### Input data:
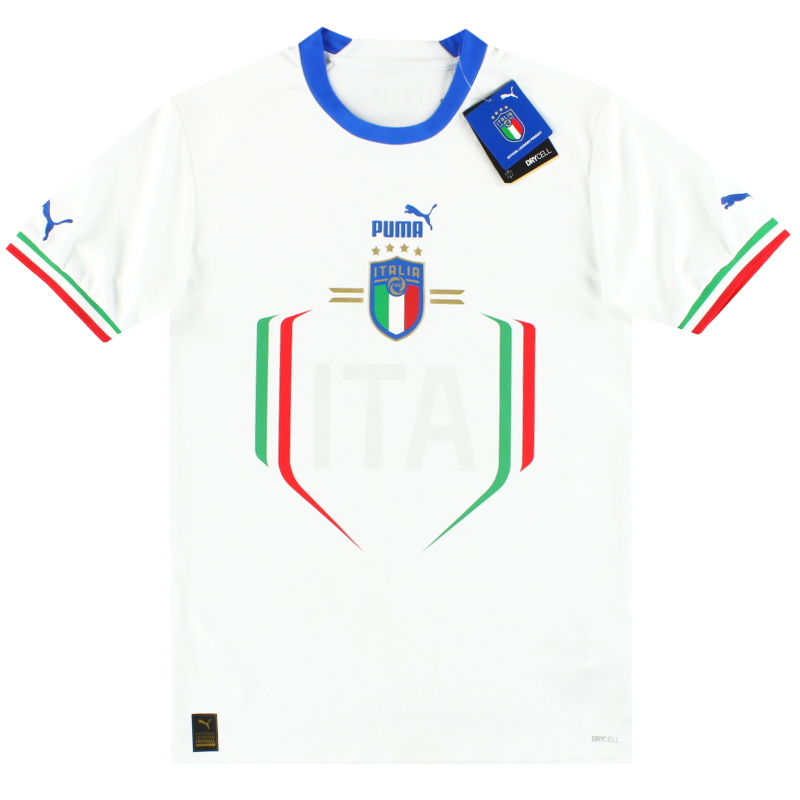 BNWT Puma 2022 ITALY ITALIA Away White Soccer Jersey Football Shirt 765650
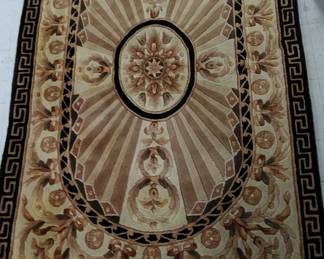 Greek Key Area Rug ~3..5'x5.5'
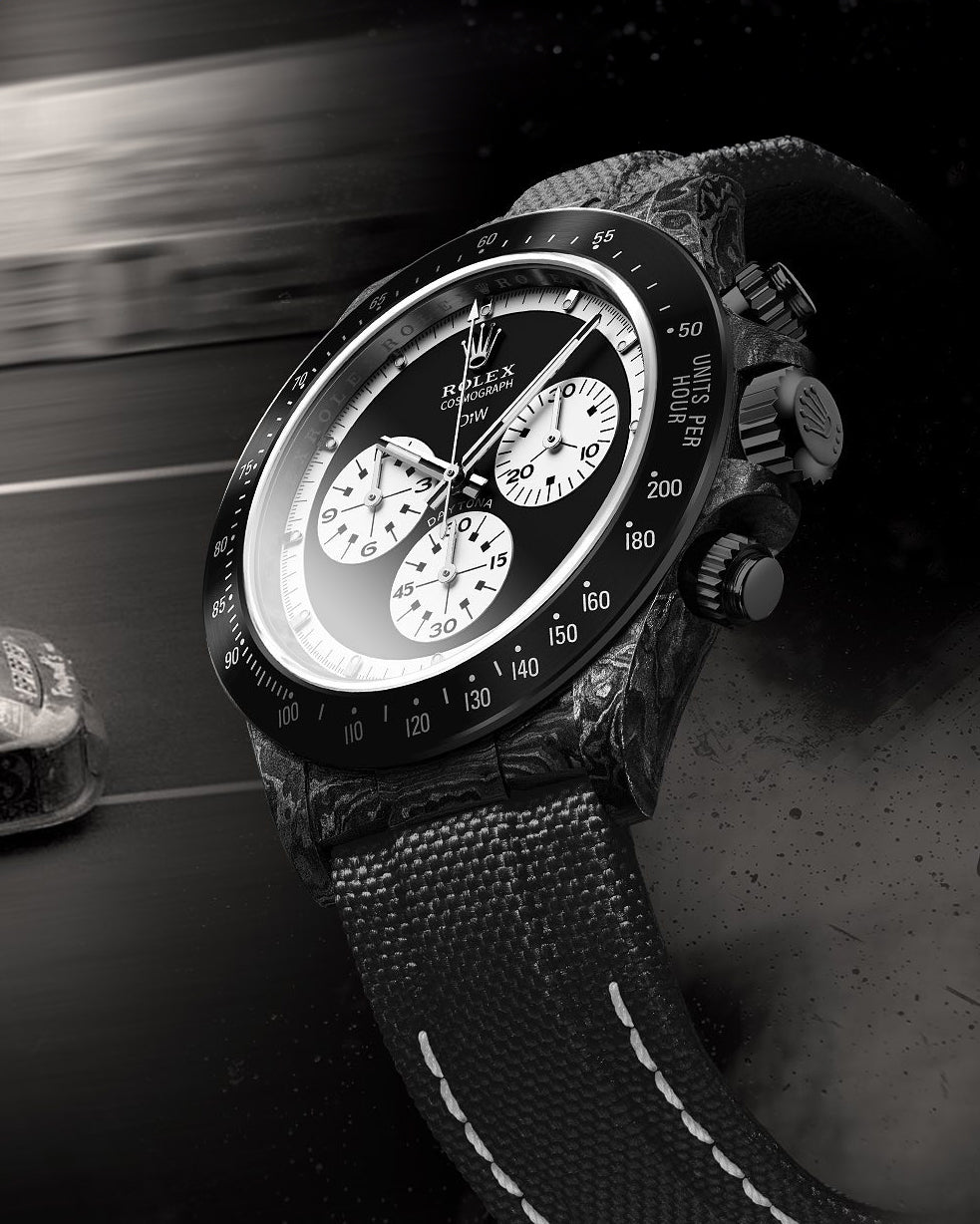 碳纖 DiW 勞力士 地通拿 Rolex Daytona PAUL NEWMAN BLACK DLC | WORLDTIMER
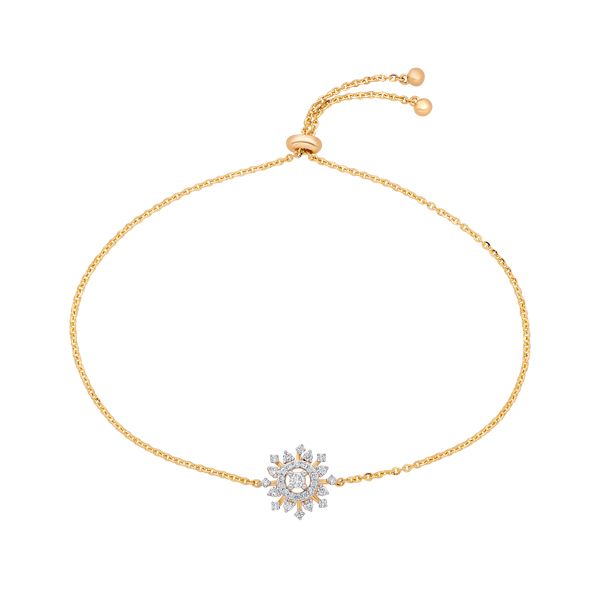 Filigree Bracelet in 18KT Yellow Gold-Bracelets-OBR23001-D400RHB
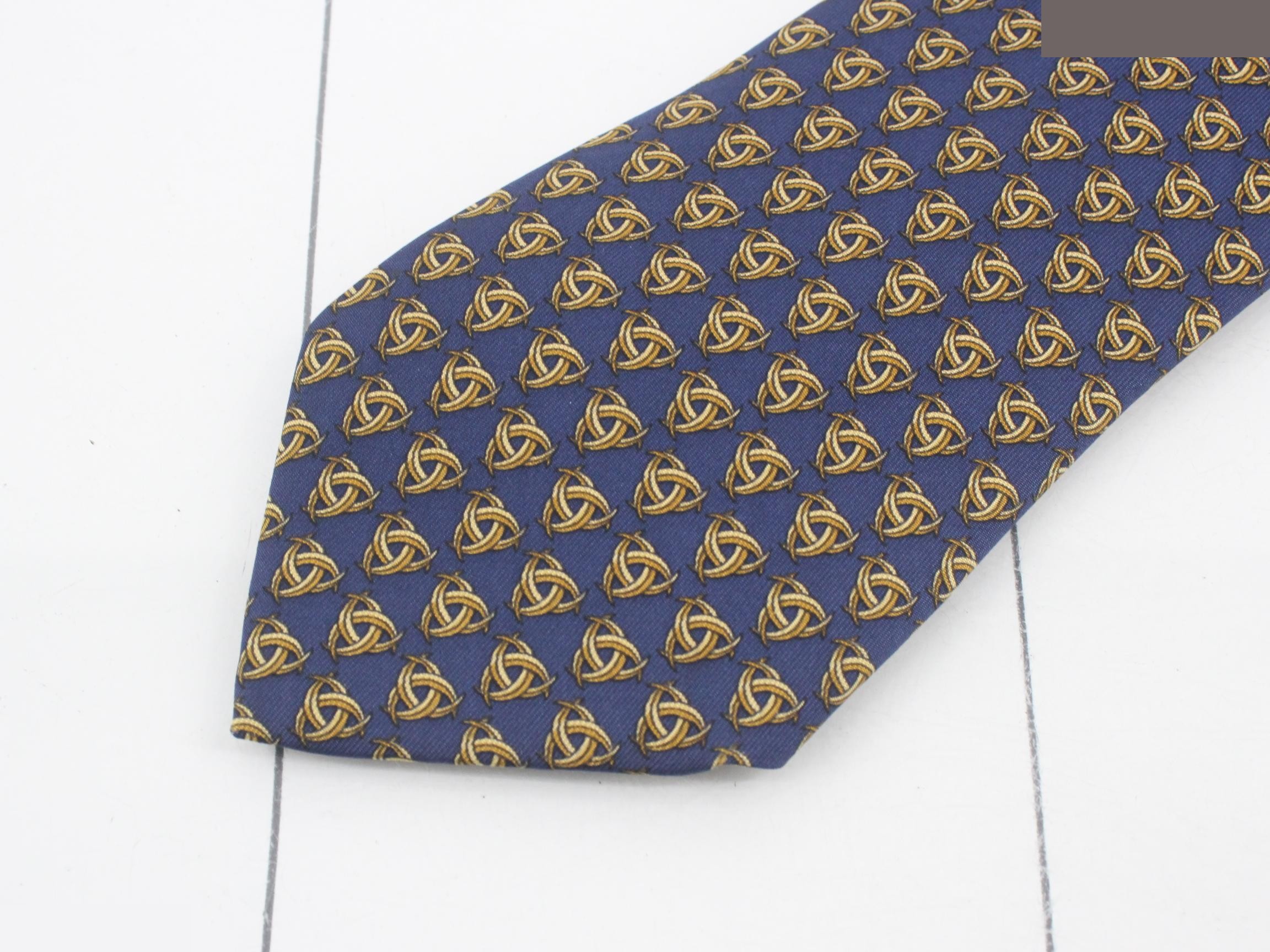 Blue necktie — view 3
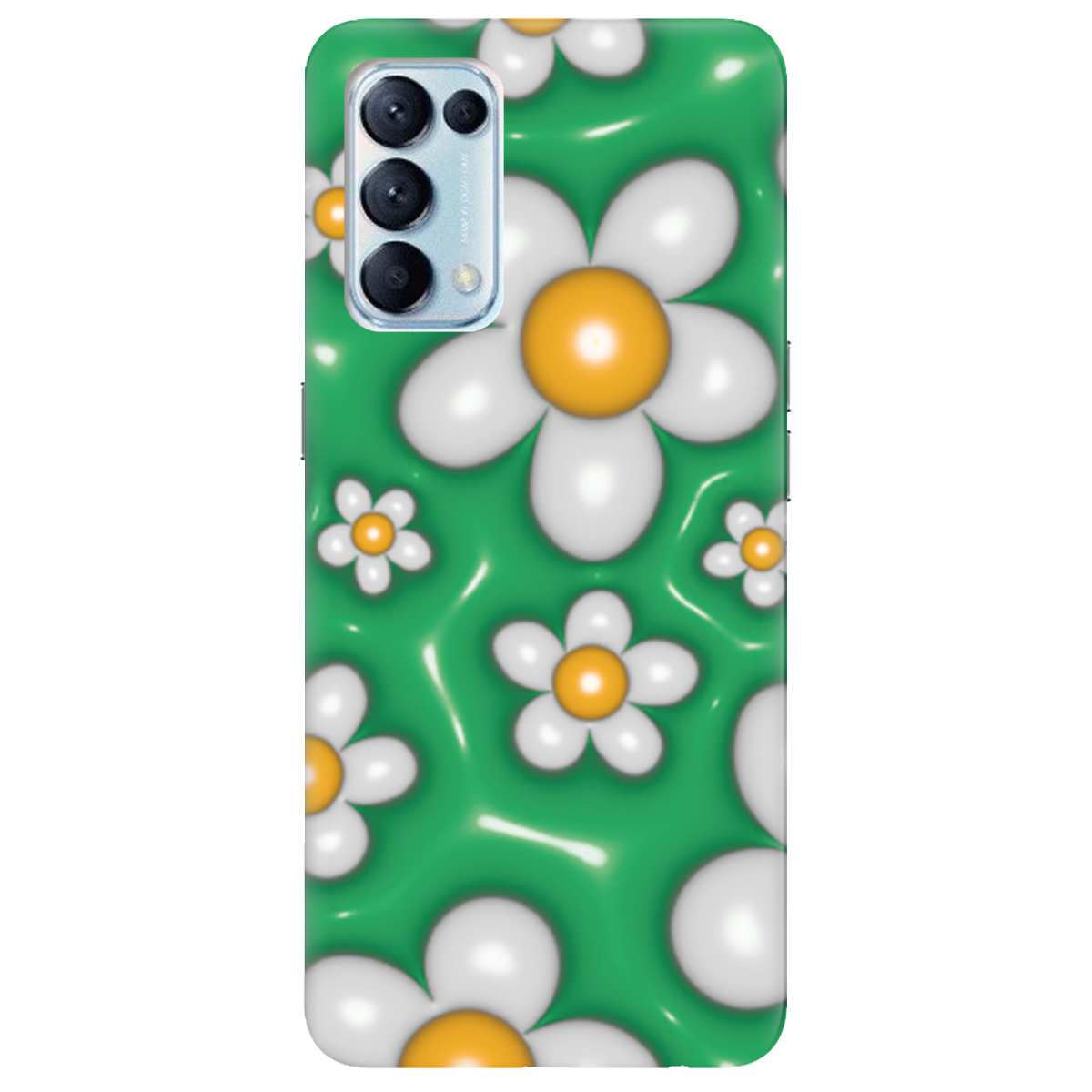 Чохол для Oppo Reno 5 4G Ромашкова галявина - фото 1 - Чохли для телефонів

### Assignment:
Could all the data above be given again exactly, leaving out its images?

### Task result:
 BNWT Puma 2022 ITALY ITALIA Away White Soccer Jersey Football Shirt 765650
 Greek Key Area Rug ~3..5'x5.5'
 碳纖 DiW 勞力士 地通拿 Rolex Daytona PAUL NEWMAN BLACK DLC | WORLDTIMER
 Filigree Bracelet in 18KT Yellow Gold-Bracelets-OBR23001-D400RHB
 Blue necktie — view 3
 Чохол для Oppo Reno 5 4G Ромашкова галявина - фото 1 - Чохли для телефонів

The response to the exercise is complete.